▶ _EXERCISE BRIEF_: From the material below, return exactly the lines starting at the one that holds "Bandai Figure-rise Standard" and ending at the one that holds "Tubo de bomba". Pictures stay out of the answer.

** Opening RECORDS SHOWN block **

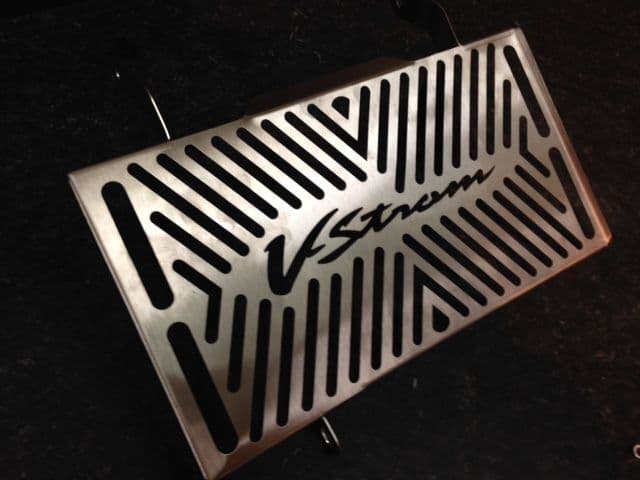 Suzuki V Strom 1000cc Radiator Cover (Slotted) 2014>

** Closing RECORDS SHOWN block **
** Opening RECORDS SHOWN block **

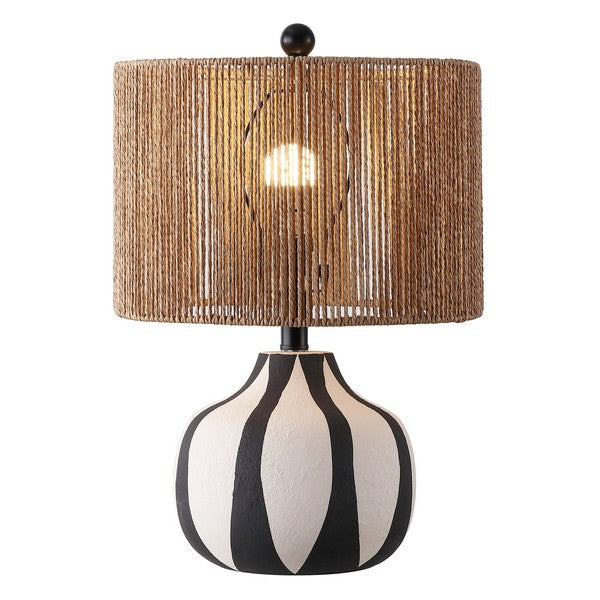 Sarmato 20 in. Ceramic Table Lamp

** Closing RECORDS SHOWN block **
** Opening RECORDS SHOWN block **

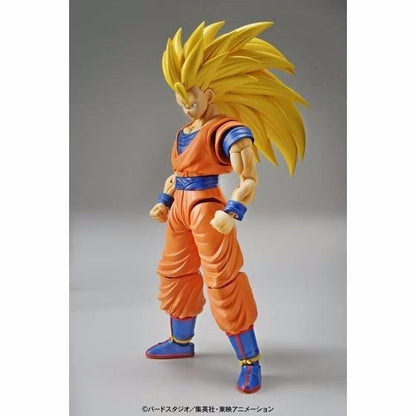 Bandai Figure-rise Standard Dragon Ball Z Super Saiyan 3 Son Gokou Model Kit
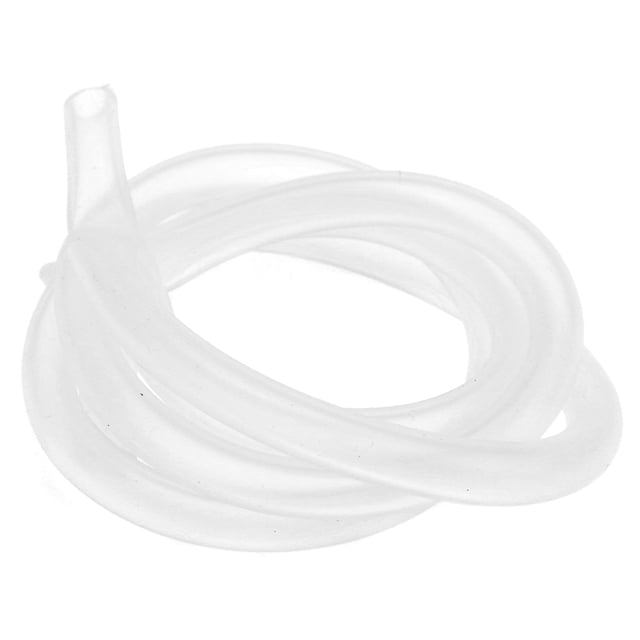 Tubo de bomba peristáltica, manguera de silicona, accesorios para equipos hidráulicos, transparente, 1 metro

** Closing RECORDS SHOWN block **

▶ _OUTPUT_:
 Bandai Figure-rise Standard Dragon Ball Z Super Saiyan 3 Son Gokou Model Kit
 Tubo de bomba peristáltica, manguera de silicona, accesorios para equipos hidráulicos, transparente, 1 metro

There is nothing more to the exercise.